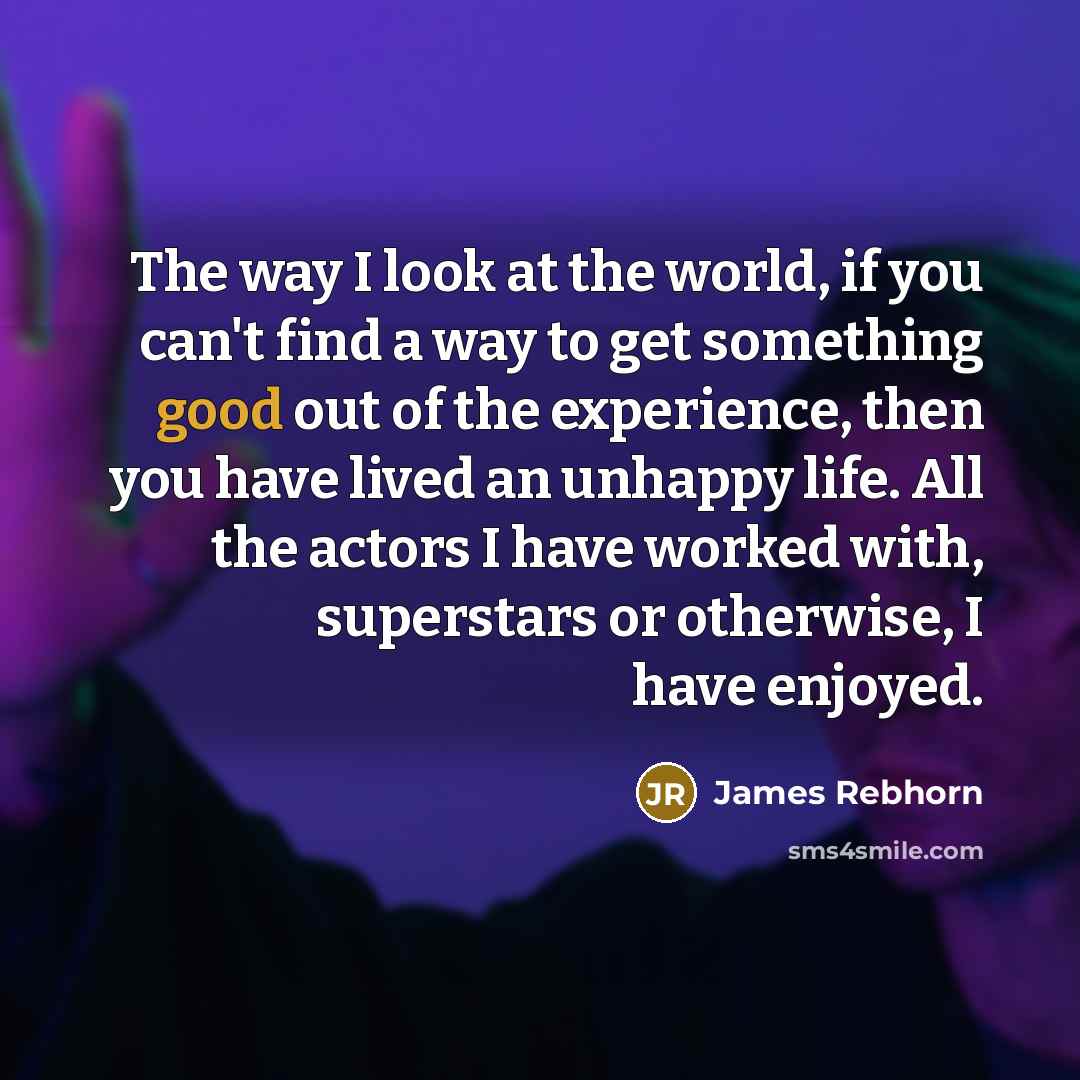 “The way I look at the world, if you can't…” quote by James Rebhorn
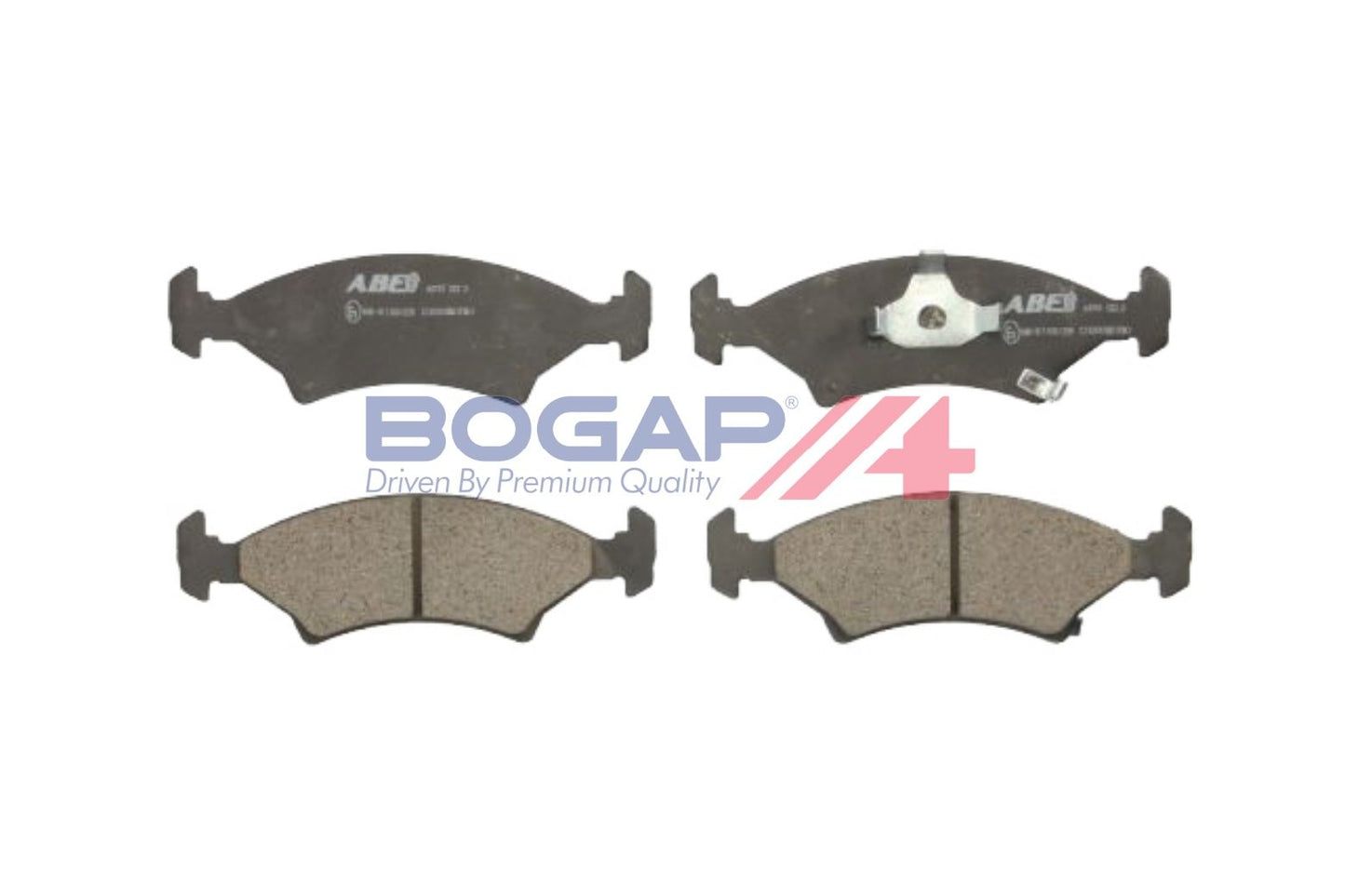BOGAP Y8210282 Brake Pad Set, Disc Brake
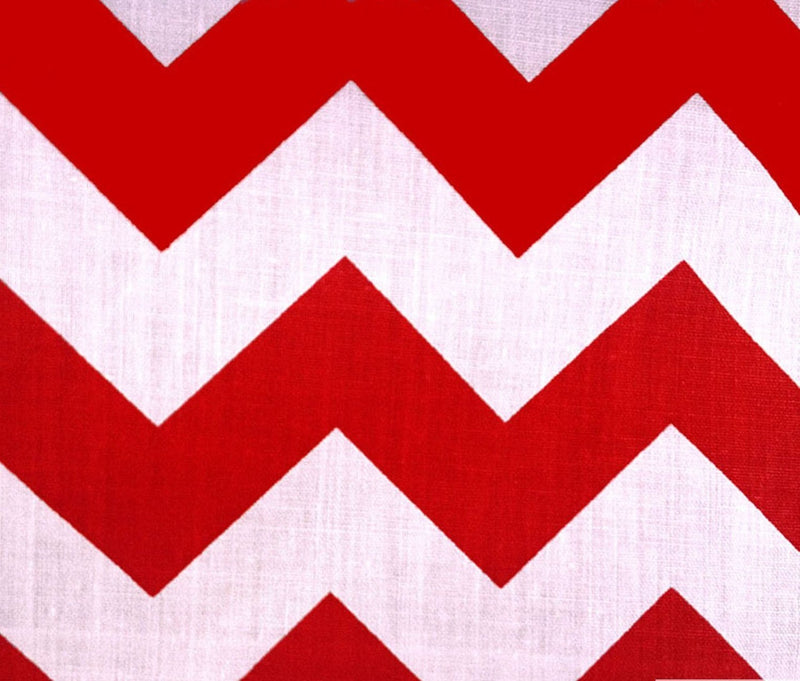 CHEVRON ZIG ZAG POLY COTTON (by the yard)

◆ ◆ ◆ ◆

• Instructions to follow:
Give back an exact copy of only the lines from the one with "BOGAP Y8210282 Brake Pad Set, Disc Brake" through the final line of the material, both included. Pictures do not belong in it.

• Result for this task:
BOGAP Y8210282 Brake Pad Set, Disc Brake
 CHEVRON ZIG ZAG POLY COTTON (by the yard)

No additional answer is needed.